Lucy Li's joy was refreshing reminder

Eleven-year-old Lucy Li talks with Michael Collins about her historic week as the youngest qualifier in U.S. Women's Open history, finishing 16 over par.

Sherlock Holmes. Yoga sitting. Ice cream.

As she sat there, with an ice cream bar melting in her hand, breaking down how she loves to chill in-between holes and what she planned to do for the rest of her day ("eat more ice cream"), she went into almost adult-like detail telling us about herself and the game she had just finished fascinating the world with. It was the opposite of Allen Iverson's "practice" press conference. A little girl on a grown-folks stage being the one thing she was not supposed to be: a little girl.

Her mother, Amy Zeng, told Golf.com the sixth-grade phenom "will read anything with Sherlock Holmes in it."

Let's put Lucy Li into perspective here. What exactly is the takeaway we are supposed to get from an 11-year old -- even with missing the cut and not playing the final 36 holes of the U.S. Women's Open -- who will soon go through a public scrutiny period much worse than the one we (the public and media) put Michelle Wie through 10 years ago?

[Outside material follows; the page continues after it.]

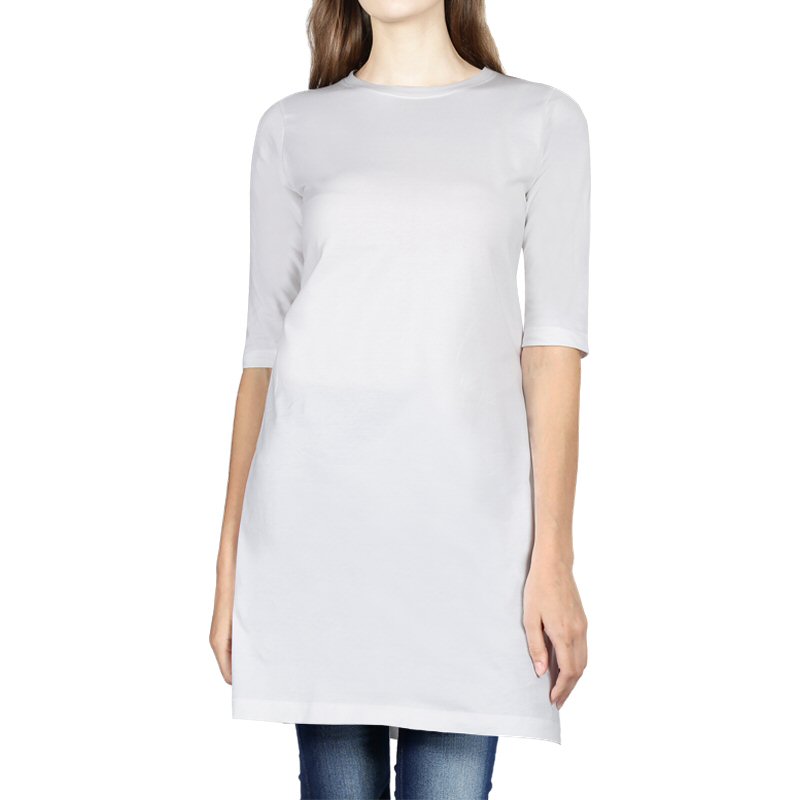 White Plain Women 3-4th Sleeve Long Tops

Li, over the course of 48 hours, simply reminded us how we should never forget why sports are played in the first place. Yes, there was controversy surrounding her participation at the USGA event and questions about the long-term damage being America's next sports child prodigy could do to her career if she stays on this path. (Stacy Lewis -- the top-ranked player in the world -- said she thought it was too much pressure on a young kid.) But for two days, Li held a mirror up and showed us the power of the child-like qualities/attitudes that still remain in every sport played that we've all become too jaded to remember. 

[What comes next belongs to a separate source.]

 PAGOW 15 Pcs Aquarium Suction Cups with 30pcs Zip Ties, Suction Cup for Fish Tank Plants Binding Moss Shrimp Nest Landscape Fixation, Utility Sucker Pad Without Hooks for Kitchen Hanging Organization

Her words: "Just be patient and not care about what happened, just go to the next shot and hit it like nothing, like it's the first shot."

The shot that made you fall in love with sports in the first place. The first time we all touched a ball, swung a bat, threw a punch with 3-ounce gloves on, shot a puck, kicked a ball into the back of a net. This is what she sat before us and called to our attention. This is what she is now the embodiment of.

It's all become such a business now. Further and further detached and removed from anything not connected to winning or the subjective positioning of "best ever" something. Numbers connected to contracts, numbers connected to money, numbers connected to efficiency, numbers connected to percentages, numbers connected to commercial endorsements and product moved, numbers connected to followers, numbers connected to wins and losses and rings.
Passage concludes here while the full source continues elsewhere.